The SONIA rate will be effective from June 14.

The move is not expected to affect the ‘AAA’ and ‘Aaa’ ratings of OCBC Bank’s covered bonds, according to Fitch Ratings and Moody’s.

Companies around the world are preparing for the end of the LIBOR, which will affect multiple financial instruments involving trillions of dollars.

So far, over £100 billion of bonds that are linked to the GBP LIBOR have yet to transition to a new benchmark rate.

The move to SONIA, says OCBC’s chief financial officer Darren Tan, would provide certainty for the bank’s investors. 

“Since it was announced that LIBOR would cease to be referenced as a benchmark interest rate, we have undertaken a bank-wide assessment of its impact on our Bank, our investors, and our customers.
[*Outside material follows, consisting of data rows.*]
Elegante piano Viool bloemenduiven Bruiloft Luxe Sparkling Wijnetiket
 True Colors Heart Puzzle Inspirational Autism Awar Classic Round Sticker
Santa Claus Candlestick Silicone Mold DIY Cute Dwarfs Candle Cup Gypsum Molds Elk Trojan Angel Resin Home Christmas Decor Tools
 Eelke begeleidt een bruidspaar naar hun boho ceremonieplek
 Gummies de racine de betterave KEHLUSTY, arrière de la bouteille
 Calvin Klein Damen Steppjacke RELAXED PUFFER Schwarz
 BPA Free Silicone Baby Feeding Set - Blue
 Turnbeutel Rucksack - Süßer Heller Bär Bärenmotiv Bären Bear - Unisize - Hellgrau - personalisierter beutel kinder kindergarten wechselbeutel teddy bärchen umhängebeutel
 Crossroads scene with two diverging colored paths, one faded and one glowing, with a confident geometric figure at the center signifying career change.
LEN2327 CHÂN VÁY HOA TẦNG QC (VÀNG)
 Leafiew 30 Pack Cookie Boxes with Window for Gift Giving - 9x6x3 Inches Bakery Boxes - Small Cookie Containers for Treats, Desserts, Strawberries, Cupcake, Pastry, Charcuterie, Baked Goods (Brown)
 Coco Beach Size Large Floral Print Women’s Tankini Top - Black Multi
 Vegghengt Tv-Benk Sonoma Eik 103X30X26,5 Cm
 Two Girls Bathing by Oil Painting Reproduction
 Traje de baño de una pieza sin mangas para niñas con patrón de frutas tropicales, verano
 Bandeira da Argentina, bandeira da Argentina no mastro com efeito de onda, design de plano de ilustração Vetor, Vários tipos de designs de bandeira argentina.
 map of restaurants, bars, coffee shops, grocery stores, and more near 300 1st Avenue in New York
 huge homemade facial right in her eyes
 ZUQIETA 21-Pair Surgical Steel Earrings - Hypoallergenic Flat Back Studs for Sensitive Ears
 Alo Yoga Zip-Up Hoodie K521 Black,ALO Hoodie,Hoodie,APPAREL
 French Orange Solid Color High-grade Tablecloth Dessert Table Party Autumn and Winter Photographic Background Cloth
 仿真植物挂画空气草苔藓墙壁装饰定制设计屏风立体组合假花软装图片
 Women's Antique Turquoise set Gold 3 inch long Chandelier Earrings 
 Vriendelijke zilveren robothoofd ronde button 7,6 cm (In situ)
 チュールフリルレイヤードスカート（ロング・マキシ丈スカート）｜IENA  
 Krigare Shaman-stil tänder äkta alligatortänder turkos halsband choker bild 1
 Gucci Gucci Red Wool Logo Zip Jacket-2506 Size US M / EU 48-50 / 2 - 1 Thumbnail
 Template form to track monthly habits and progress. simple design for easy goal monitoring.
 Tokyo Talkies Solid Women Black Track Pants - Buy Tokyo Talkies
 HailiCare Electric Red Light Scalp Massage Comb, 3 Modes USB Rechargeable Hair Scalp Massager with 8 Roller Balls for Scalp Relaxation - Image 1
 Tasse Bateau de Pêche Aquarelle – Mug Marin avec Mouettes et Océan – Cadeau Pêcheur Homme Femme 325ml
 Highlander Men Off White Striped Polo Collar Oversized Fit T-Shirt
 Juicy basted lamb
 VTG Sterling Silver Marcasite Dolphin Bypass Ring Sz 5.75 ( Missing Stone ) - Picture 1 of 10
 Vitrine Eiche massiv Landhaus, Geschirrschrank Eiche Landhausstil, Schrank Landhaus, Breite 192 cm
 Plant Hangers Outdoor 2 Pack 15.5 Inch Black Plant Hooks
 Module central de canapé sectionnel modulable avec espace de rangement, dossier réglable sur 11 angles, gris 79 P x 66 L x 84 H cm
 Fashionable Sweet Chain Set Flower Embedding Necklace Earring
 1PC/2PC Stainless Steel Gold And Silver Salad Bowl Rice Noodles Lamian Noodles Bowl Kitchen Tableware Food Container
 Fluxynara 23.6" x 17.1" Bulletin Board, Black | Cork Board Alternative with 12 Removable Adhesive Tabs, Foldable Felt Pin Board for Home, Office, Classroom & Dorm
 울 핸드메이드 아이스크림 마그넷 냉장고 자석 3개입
The move to convert our bonds from referencing GBP LIBOR to SONIA is one of the proactive steps to adopt the risk-free rate to ensure a smooth and seamless transition,” says Tan.

“It strikes the balance of doing so with the right timing: not too early as transition standards were evolving, or too late such that liquidity for GBP LIBOR bonds diminish. By doing so, we give investors the peace of mind that their ownership of the bonds issued by us will not be adversely affected by the cessation of GBP LIBOR,” he adds.

Shares in OCBC closed 3 cents higher or 0.2% up at $12.39 on June 10.